Ms. Soto argued that the Convention should not be applicable to these
facts because petitioner, having had the opportunity to litigate the
custody issue in France, proceeded of his own free will to renounce
those rights by asking and obtaining from the French courts the
dismissal of the case. The Court held that petitioner has waived his
rights under the Convention.
Ms. Soto did not dispute the fact that the children were habitual
residents of France until November of 1994 or that any custody dispute
had to be litigated there. Rather, Ms. Soto argued persuasively that
what the Convention seeks to guarantee, namely the opportunity for the
judicial authorities of the country of habitual residence to decide the
merits of a custody dispute, was precisely what occurred in this case.
Dr. Journe filed his complaint for divorce seeking custody of the three
children on June 13, 1994 before the Tribunal de Grande Instance in
Paris. In response, Ms. Soto voluntarily submitted to the jurisdiction
of that court, and appeared before the presiding judge at the scheduled
hearing to contest Dr. Journe's demand for custody. Put another way,
petitioner already had on November 17, 1994 what he sought the Court to
return to him: a French judicial forum, selected by him, fully capable
of deciding the merits of his claim for custody under French law.

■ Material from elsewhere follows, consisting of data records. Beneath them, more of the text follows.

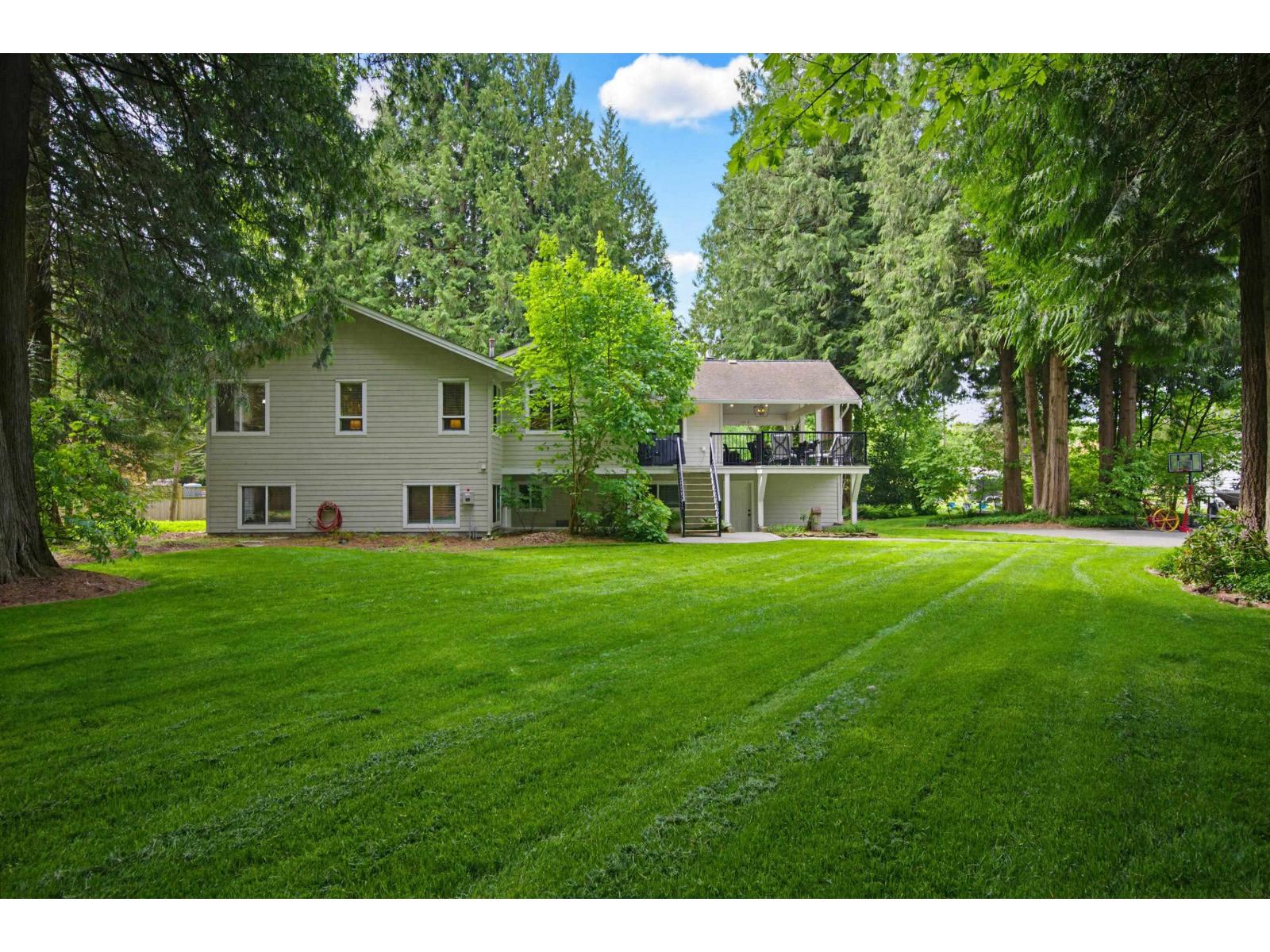 24165 65 Avenue, Langley, British Columbia V2Y 2H1 - Photo 31 - R3123699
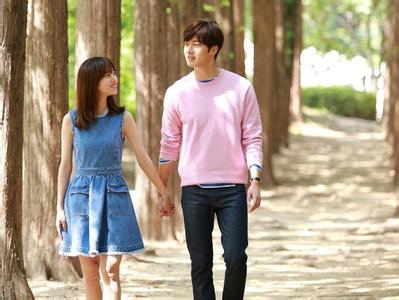 u=3807600532,1603620773&fm=11&gp=0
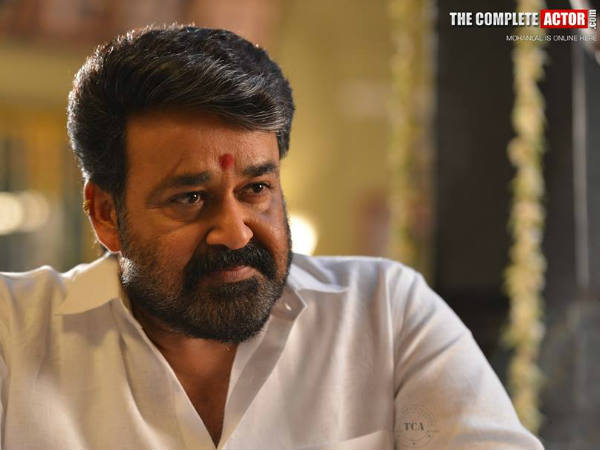 ആറാം തമ്പുരാനിലെ ജഗന്നാഥന്‍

Notwithstanding the above circumstances, it was undisputed that
petitioner, out of his own free will, voluntarily dismissed his divorce
and custody action then pending before the French court. The Court
rejected his claim that the dismissal was due to a transoceanic
reconciliation which occurred during a 30- second telephone conversation
as not credible under the circumstances of this case.
The Court noted that this argument overlooked the fact that by its
terms, the Convention imposes no requirement that there be an underlying
custody proceeding pending in the courts of the state of habitual
residence as a necessary prerequisite
to the application of its provisions. Respondent nevertheless urged
the Court to exercise its equitable powers to deny petitioner the relief
he seeks, on the grounds that having by his own actions secured the
dismissal of the divorce and custody proceedings before the Tribunal de
Grande Instance in Paris, he should now be estopped from attempting to
gain through the Convention a second opportunity to litigate these same
custody issues before the same French courts.
The Court held that Dr. Journe's voluntary dismissal of his action
for divorce and custody of the children acts as a waiver of his rights
under the Convention. His petition to the French Central Authority was
premised on the underlying action for divorce then pending before the
French courts. His remedy under the Convention would put him in the same
position he was on November 17, 1994. Once again, he would have his
choice of a French forum to decide the custody issues under French law,
as contemplated by the Convention. Given these circumstances, his
voluntary dismissal of the action for divorce could only be
characterized as indicative of an intent to relinquish his rights to
have the custody issues decided by the courts of France. No other
reasonable explanation of his conduct was possible.